Breves
Impugnada eleição na Guiné-Bissau

O candidato derrotado na segunda volta da eleição presidencial da Guiné-Bissau, Domingos Simões Pereira, entregou no Supremo Tribunal de Justiça um pedido de impugnação invocando fraude na votação de 29 de Dezembro. Os advogados da candidatura de Simões Pereira apresentaram elementos que indiciam «discrepância entre o número de inscritos para votar e o número de votantes». Os resultados provisórios anunciados deram a vitória a Umaru Cissoko Embalo, com 53,55% dos votos, contra 46,45% de Simões Pereira, presidente do PAIGC. Foram às urnas pouco mais de 550 mil eleitores, uma participação de 72%.


Argélia tem novo governo

O novo primeiro-ministro da Argélia, Abdelaziz Djerad, apresentou no dia 3 ao presidente Abdelmadjid Tebboune, o seu governo, integrado por 39 membros, entre os quais cinco mulheres. À frente da diplomacia argelina fica Sabri Boukadoum e para vice-ministro da Defesa e responsável do estado-maior foi designado Said Chengriha. Nomeado primeiro-ministro a 28 de Dezembro, Abdelaziz Djerad afirmou que o gabinete será profissional e independente, sem vínculos com o anterior mandato. Quanto ao presidente Tebboune, prometeu construir uma nova República, mediante alterações constitucionais, estabelecer mecanismos de diálogo com o movimento cívico e reactivar a economia.

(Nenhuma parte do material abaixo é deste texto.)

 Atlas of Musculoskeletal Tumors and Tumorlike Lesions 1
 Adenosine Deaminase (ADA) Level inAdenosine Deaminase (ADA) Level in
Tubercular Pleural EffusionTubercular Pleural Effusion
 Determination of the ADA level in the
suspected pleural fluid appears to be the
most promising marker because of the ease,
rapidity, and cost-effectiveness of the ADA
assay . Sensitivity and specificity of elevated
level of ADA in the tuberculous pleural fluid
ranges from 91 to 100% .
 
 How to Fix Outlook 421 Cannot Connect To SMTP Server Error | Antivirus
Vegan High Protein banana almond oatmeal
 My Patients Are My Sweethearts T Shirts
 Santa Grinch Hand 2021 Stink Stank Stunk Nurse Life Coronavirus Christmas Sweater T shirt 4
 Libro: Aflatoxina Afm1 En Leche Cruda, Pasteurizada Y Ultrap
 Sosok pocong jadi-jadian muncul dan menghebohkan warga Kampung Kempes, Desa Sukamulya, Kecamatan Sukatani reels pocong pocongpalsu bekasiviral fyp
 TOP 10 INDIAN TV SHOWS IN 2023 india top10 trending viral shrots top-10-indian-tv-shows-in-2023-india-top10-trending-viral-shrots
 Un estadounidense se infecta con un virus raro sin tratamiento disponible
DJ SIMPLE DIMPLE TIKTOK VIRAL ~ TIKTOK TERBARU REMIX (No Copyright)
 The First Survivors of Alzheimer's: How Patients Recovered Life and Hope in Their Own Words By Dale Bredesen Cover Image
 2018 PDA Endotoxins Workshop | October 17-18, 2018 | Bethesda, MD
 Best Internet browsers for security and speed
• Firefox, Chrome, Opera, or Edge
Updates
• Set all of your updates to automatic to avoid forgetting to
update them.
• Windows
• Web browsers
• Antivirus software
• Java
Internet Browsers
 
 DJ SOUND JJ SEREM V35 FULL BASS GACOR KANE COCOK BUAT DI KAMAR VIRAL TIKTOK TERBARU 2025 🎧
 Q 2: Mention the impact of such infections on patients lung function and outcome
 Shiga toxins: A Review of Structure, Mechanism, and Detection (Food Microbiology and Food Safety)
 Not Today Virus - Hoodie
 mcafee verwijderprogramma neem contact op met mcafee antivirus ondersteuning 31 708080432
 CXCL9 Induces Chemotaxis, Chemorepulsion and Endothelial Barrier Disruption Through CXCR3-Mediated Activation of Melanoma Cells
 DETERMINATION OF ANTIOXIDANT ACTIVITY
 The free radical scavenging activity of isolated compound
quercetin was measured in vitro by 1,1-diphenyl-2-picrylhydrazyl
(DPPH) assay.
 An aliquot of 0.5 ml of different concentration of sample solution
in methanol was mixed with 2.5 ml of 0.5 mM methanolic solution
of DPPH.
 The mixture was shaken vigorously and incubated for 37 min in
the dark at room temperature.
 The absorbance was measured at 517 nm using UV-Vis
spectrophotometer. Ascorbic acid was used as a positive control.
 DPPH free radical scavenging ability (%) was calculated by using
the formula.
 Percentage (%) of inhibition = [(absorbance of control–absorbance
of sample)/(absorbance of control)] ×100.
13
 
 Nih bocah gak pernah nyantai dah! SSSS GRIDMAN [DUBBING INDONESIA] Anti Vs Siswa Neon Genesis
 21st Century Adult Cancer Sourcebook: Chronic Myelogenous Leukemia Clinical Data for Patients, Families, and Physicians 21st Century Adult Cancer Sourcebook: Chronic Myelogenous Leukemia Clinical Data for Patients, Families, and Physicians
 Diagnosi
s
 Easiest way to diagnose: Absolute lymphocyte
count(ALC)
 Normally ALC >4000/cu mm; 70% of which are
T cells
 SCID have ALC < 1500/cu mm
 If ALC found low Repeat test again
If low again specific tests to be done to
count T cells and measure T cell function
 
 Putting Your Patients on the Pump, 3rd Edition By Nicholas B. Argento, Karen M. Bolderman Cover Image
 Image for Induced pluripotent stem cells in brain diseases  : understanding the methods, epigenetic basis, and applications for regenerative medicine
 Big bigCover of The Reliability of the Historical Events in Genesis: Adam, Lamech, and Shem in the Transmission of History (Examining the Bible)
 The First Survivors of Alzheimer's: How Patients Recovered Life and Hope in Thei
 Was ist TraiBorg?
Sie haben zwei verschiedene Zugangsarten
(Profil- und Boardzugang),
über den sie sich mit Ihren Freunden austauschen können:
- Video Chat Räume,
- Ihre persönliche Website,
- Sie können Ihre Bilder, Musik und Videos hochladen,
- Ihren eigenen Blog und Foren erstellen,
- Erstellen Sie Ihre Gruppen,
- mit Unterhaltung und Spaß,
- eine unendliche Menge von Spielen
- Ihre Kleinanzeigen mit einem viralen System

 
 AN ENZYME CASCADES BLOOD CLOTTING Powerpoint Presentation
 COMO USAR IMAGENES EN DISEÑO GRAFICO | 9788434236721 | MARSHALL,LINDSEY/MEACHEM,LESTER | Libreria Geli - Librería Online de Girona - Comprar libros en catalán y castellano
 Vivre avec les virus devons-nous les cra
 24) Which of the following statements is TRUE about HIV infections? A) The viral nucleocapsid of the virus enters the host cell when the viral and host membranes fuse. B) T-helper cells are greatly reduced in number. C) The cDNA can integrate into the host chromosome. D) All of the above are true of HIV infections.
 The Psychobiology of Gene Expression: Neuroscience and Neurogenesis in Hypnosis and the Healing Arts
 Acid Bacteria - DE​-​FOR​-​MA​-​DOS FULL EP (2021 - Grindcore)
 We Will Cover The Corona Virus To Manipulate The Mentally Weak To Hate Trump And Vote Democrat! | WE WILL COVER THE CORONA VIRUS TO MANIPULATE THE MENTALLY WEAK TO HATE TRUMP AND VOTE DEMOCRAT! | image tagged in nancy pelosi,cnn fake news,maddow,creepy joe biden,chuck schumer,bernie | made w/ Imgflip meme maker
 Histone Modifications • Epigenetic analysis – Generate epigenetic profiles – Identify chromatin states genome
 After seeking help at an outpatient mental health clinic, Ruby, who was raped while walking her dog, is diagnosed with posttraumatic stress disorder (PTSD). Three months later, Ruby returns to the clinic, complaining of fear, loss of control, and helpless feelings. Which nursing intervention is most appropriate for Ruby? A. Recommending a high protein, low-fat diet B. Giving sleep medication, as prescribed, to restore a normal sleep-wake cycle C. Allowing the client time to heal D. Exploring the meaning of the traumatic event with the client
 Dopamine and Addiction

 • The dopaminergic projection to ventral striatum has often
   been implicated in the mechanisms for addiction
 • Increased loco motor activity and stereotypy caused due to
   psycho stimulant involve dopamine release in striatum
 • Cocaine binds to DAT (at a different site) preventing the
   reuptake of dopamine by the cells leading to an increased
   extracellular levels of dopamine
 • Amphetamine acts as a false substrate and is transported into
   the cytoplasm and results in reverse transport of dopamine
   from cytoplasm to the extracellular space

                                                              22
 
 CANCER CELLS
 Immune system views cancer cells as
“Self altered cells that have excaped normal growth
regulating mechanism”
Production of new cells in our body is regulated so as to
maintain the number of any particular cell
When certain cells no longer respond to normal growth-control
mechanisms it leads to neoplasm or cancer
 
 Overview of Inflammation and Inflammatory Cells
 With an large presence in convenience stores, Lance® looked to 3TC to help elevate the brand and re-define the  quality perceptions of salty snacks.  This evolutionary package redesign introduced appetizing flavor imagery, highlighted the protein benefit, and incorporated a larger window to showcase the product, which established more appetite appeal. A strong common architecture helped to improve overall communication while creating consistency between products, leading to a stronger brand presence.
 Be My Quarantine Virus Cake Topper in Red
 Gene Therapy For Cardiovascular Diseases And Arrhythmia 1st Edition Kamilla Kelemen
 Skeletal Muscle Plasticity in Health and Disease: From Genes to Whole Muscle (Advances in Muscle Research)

Ennahda domina governo da Tunísia

O primeiro-ministro da Tunísia, Habib Jemli, anunciou a composição do governo, com forte participação do partido Ennahda e com 40% de mulheres. Oriundo daquele movimento islamita de direita, Jemli apresentou a lista ao presidente da República, o ultraconservador Kais Saied. O governo será submetido à aprovação do parlamento, dominado pelos islamitas com 52 lugares, longe dos 102 votos necessários, o que forçará o Ennahda a negociar com outras forças. A recuperação económica do país é o principal objectivo do executivo saído das eleições de Outubro de 2019.